(Short descriptive text snippets)
------------------------------------------------------------------------

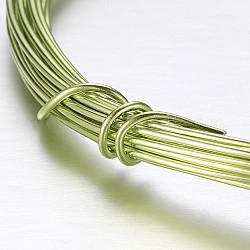 Filo artigianale in alluminio rotondo, per bordare la produzione artigianale di gioielli, giallo verde, 20 gauge, 0.8mm, 10 m/rotolo (32.8 piedi/rotolo)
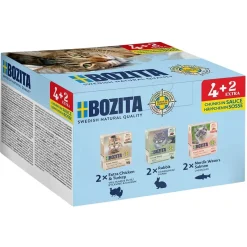Cat Tetra Mixpack 6 x 370g>Bozita New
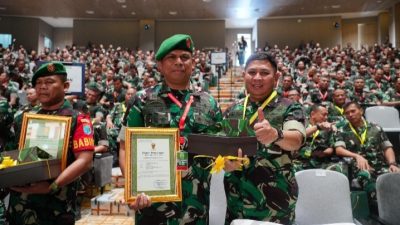 Dandim 1412/Kolaka Terima Penghargaan di Acara Apel Danrem dan Dandim Terpusat Tahun 2024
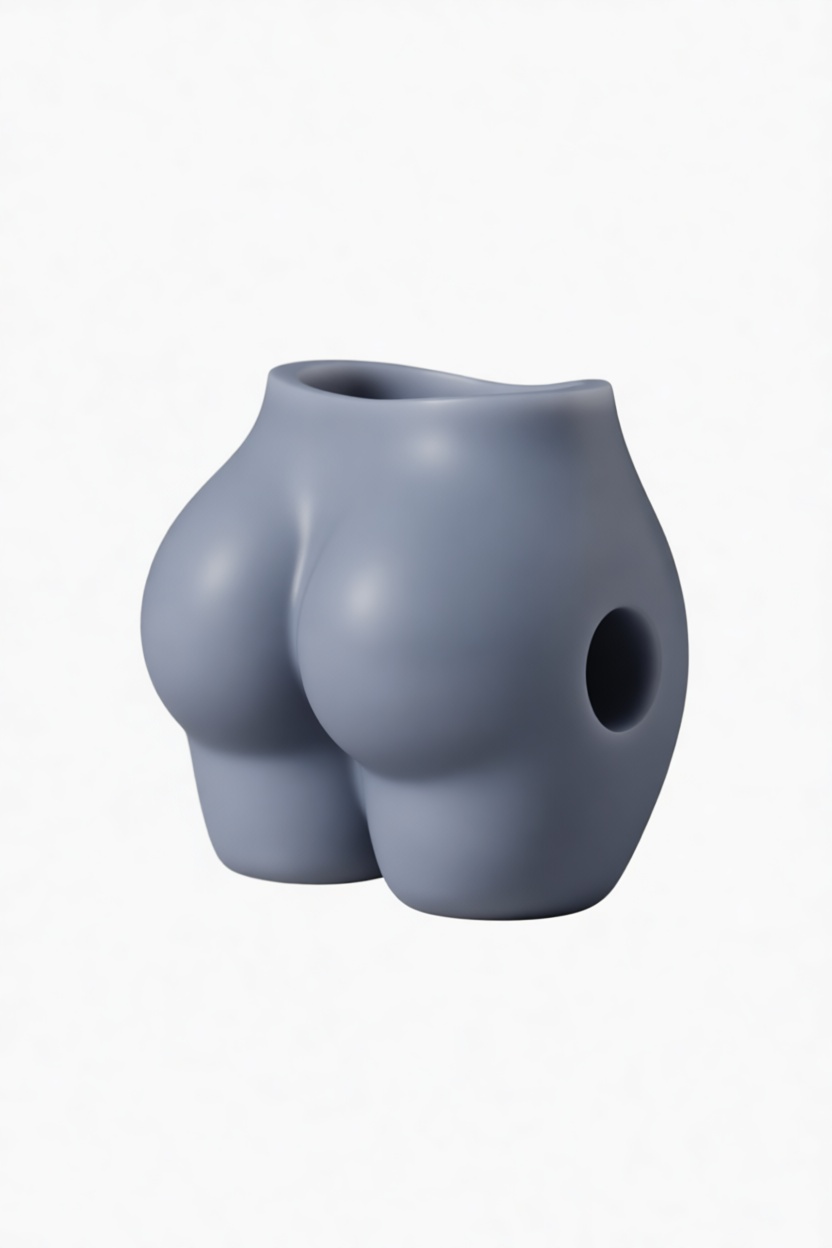 Stylized Butt Vase free 3D printable STL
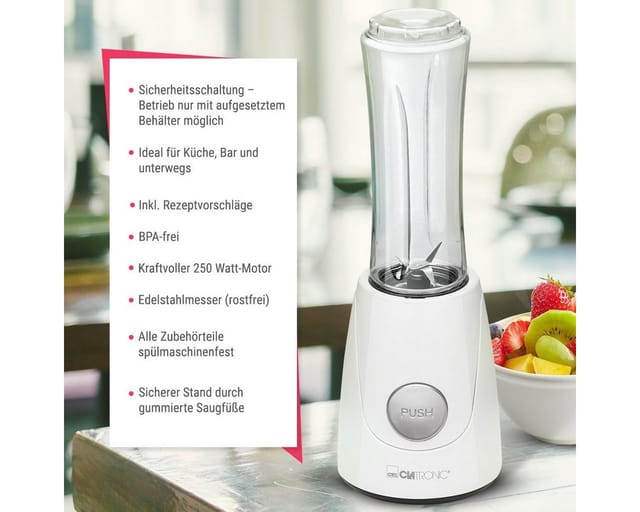 Sm 3593 weiß Smoothie Maker 600ml - Clatronic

------------------------------------------------------------------------

__Directions for this task__: Write out again only the lines from the line that contains "Dandim 1412/Kolaka Terima" through the last line of the records, both ends included, without any of the pictures.

__Response to the task__:
 Dandim 1412/Kolaka Terima Penghargaan di Acara Apel Danrem dan Dandim Terpusat Tahun 2024
 Stylized Butt Vase free 3D printable STL
 Sm 3593 weiß Smoothie Maker 600ml - Clatronic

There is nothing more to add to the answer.